Of course continue to watch the pH. 8 is high, so knock that down a bit - perhaps 7.3 or so then let the aeration bring it back up (that will help lower the TA as well). Can't tell how low your FC is at the moment without knowing your equipment. Do you have an SWG? Please add your pool info to your signature by going to the top of the TFP web page (just under the Pool School button) and select "SETTINGS". On the next page look to the left for a menu bar that says, “MY SETTINGS” and go to "EDIT SIGNATURE" to enter your pool and equipment info there. It will help us later. This link may also help you: Pool School - Read This BEFORE You Post.

Either way, your FC is a bit low, and your CC is creeping ever so close to .5 which indicates a possible problem. So let us know and we'll help some more. Have a great day.
 
Welcome to TFP, nice pool!

Yep, bubblers and waterfalls aerate the water and raise the PH, run them less and the PH will rise less. And the TA needs to be lowered to 60 or 70. Pool School - Lower Total Alkalinity It is important to keep PH at 7.8 or lower.
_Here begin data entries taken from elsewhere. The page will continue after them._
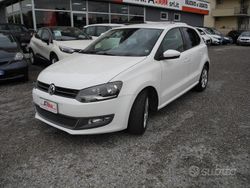 Bianco Usata 2012 VW Polo Highline Tre volumi | 5650 € (Ottimo prezzo)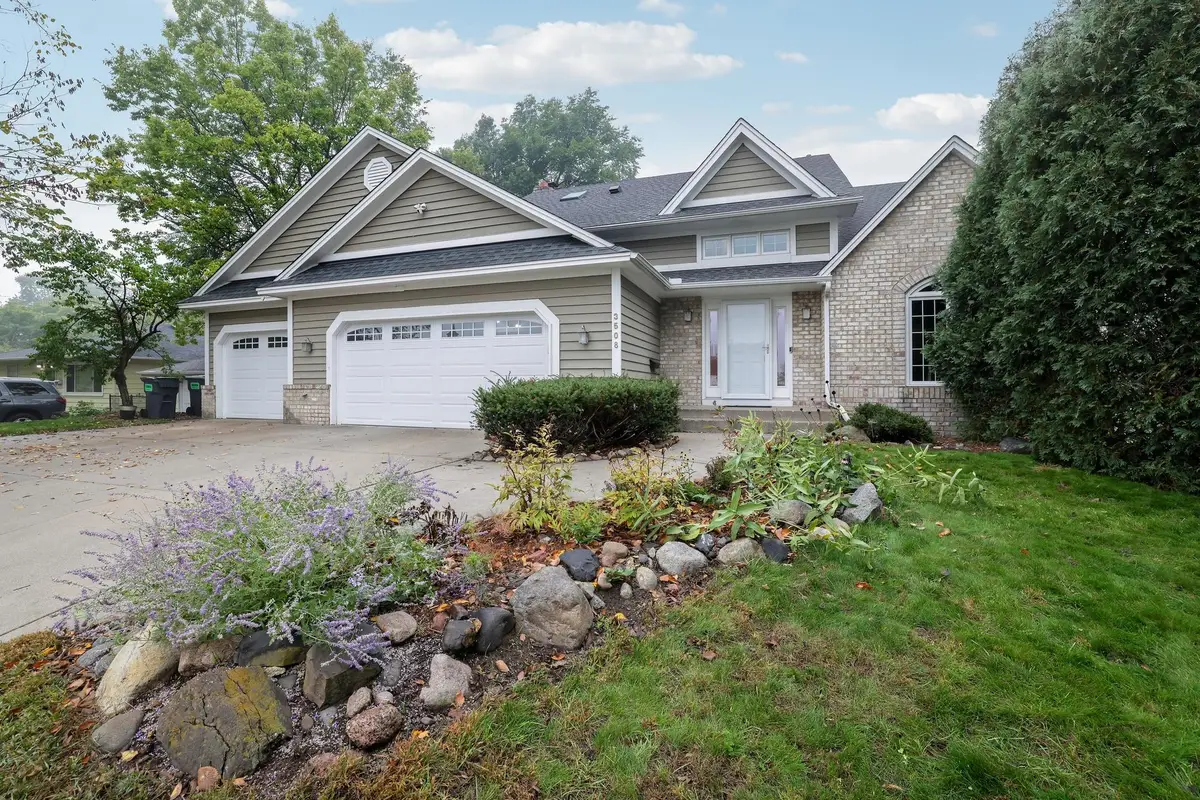 3508 Silver Lake Road Ne, Saint Anthony, MN 55418 - #1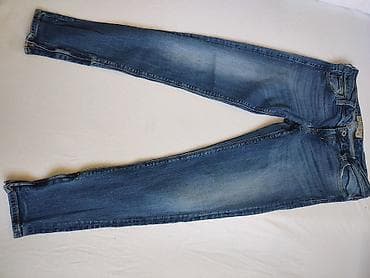 new yorker obuca: Farmerke i bluze,majce zajedno 1000 ili posebno farmerke 800 bluze — 2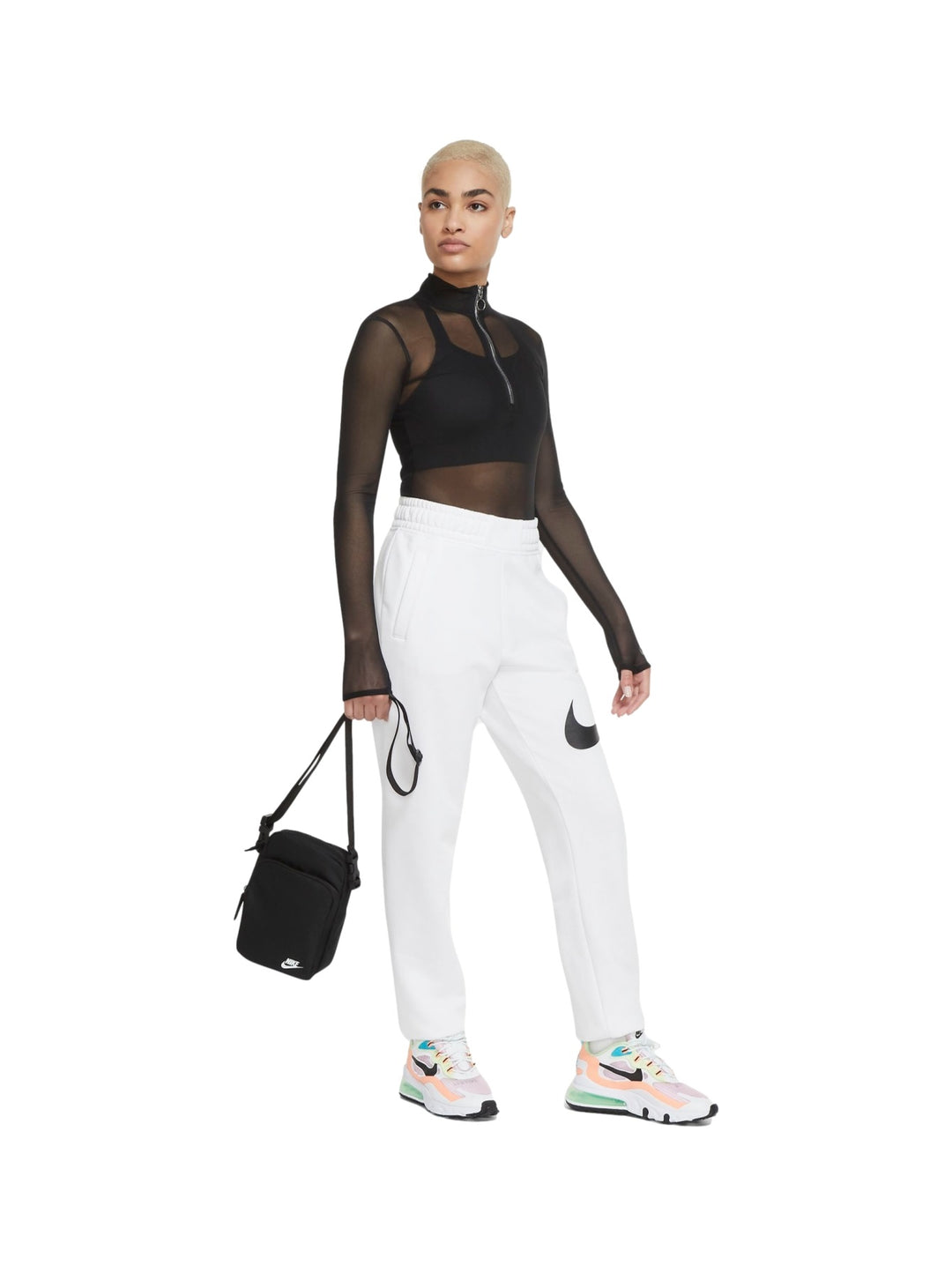 Bolso crossbody Nike negro con logotipo blanco y correa ajustable.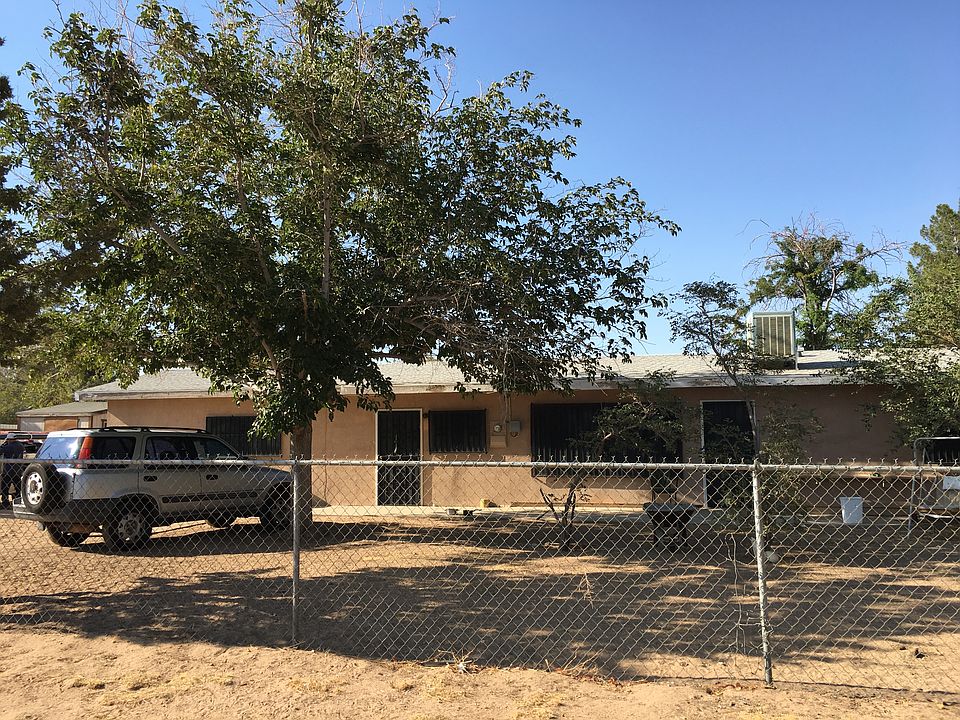 1st image of 15220 Mesquite St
Keep an eye on your CSI score in Poolmath and keep it slightly negative by tweaking your PH and TA, -0.1 to -0.2. This will eliminate potential for scaling. Pool School - Calcium Scaling
 
Thanks for the info. Owning a vinyl IG for 18 years and now moving to a different finish with water features is a big change. I've been using the TFP method for many years, so having some familiarity with it is a big help.

My TA was upwards of 130 and I have been reducing it with acid over the past two weeks. During the off season I've been keeping the FC between 3-4 and the water has been crystal clear. Signature updated with my info.
 
With that fountain and the spa drop, what you're describing is normal, even expected. When you adjust pH, push it down to 7.2. The lower pH speeds up the outgassing, which will cause pH to rise, which allows you to beat down the high TA. Once you get a couple days' breathing room from the pH rise, you're pretty much there. at that point you minimize the aeration.

I slipped the lid off a can of spray paint over the venturi air intake for my spa to reduce the air, and I also cut the flow to the spa.

I don't have a fountain, but I'd suggest you keep that off unless you need it for evaporative cooling later in the season or if you have guests to impress.
 
How can you measure CC down to 0.4ppm? Isn't the resolution of the TF-100 test kit 0.5ppm?
If you use a 25 ml sample, resolution is .2 per drop. That's what Taylor shows in their instructions--- you use up a lot more reagents that way!

Good catch, demento! :goodjob:

swreeder70, you can use a 10 ml sample and only one scoop of powder and multiply drops by .5 to save on reagents.
 
If you use a 25 ml sample, resolution is .2 per drop. That's what Taylor shows in their instructions--- you use up a lot more reagents that way!

Good catch, demento! :goodjob:

swreeder70, you can use a 10 ml sample and only one scoop of powder and multiply drops by .5 to save on reagents.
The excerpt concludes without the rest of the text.